Sport, cibo, stoviglie Couture & vita reale
La collezione atletica di Versace, la quotidianità di Schiaparelli. E Dior torna a sfilare senza stilista
PARIGI Anonimo parigino. Sfila Dior senza stilista ed è chiaro a tutti che senza un comandante la barca non va dove deve andare. Non che affondi, no. L’ufficio stile, che esce in passerella a raccogliere gli applausi (d’incoraggiamento) ha fatto il suo lavoro, anche bene. Didascalico e preciso: le giacche bar, gli abiti di tulle, i tailleur, i bustier, i volant, i cappotti, i pizzi e i ricami. Ma senza quel tocco di personalità e sogno e perfezione maniacale cui una haute couture ambisce. Chapeau però al gruppo dirigente che ha comunque deciso di sfilare e continuare a cercare il successore di quel Raf Simons che ha lasciato un bel lavoro a metà. Il toto nomi è più che in fermento: la vecchia voce su Heidi Slimane, che lascerebbe Saint Laurent a Anthony Vaccarello, e la nuova di un ammiccamento per Jonathan Saunders, classe 1977, britannico di Glasgow, cocco del gruppo. Si vedrà.
No comment di Vaccarello in prima fila da Donatella Versace (lui disegna Versus) con Riccardo Tisci e Alexander Wang. È un piacere vederli scherzare con le modelle in passerella e applaudire alla bella sfilata della stilista italiana. Una collezione dalla forte identità per via della carica sexy, delle lavorazioni, del glam, dei colori. Senza compromessi. Una couture «atletica» per donne che usano «la forza del proprio corpo per raggiungere ogni obiettivo», così dice la canzone che Violet ha scritto ad hoc per lo show. Gli abiti sono tutti ritagliati come gabbie e poi drappeggiati con bande di silicone, croquet e catene e corde di cristallo si intrecciano sulle curve delle ragazze, il lungo abito di maglia che è un ricamo unico, la tuta che è una trama di micropaillettes, lo smoking che è tagliato a pannelli e riassemblato a incastro: «Volevo portare la couture nella vita reale — spiega la stilista — ma non sapevo come fare. Poi ho pensato allo sport e ho fatto le bretelle e il resto. Insomma la mia anima è il mio corpo. Ho scelto anche donne formose perché il messaggio fosse ancora più forte». Gli applausi dei colleghi? «Adoro Riccardo. La sua faccia mi ricorda mio fratello Gianni».

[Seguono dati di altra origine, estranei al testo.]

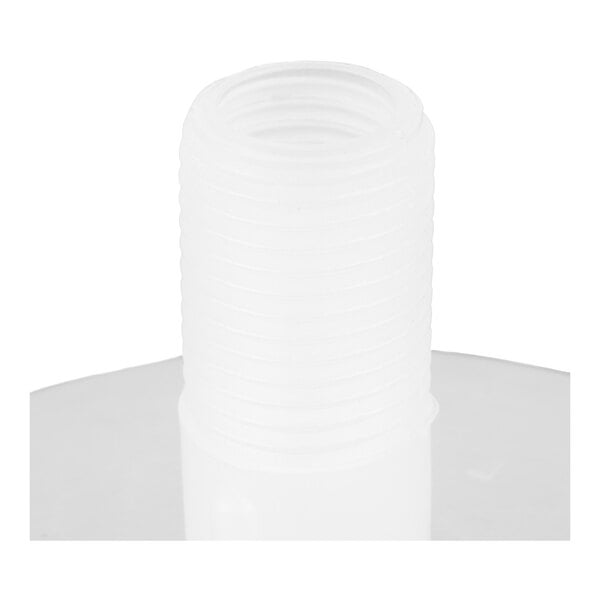 A close-up view of a white plastic threaded cylindrical component.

Elogiava Elsa Schiaparelli «il piacere di ricevere gli amici e il cibo» e da questa frase è partito Bertrand Guillame per raccontare una nuova storia che non dimentica, appunto, segni e segnali. Ecco così che piatti e ortaggi, aragoste e gamberetti, sono ricamati fra cuori e bocche, iris e occhi, soli e lucchetti su tulle e chiffon, tessuti preziosi e antiche tele di lino. A sorpresa certi intarsi sono fatti con antichi asciugamani tagliati e riposizionati come i disegni che amava Elsa. C’è un abito di organza intarsiato con una preziosa tovaglia. Un bellissimo sogno. Finalmente. Si complimentano i colleghi Chiuri e Piccioli (Valentino) e Carla Bruni. Soddisfatto Diego Della Valle: «L’atelier ora funziona a pieno ritmo».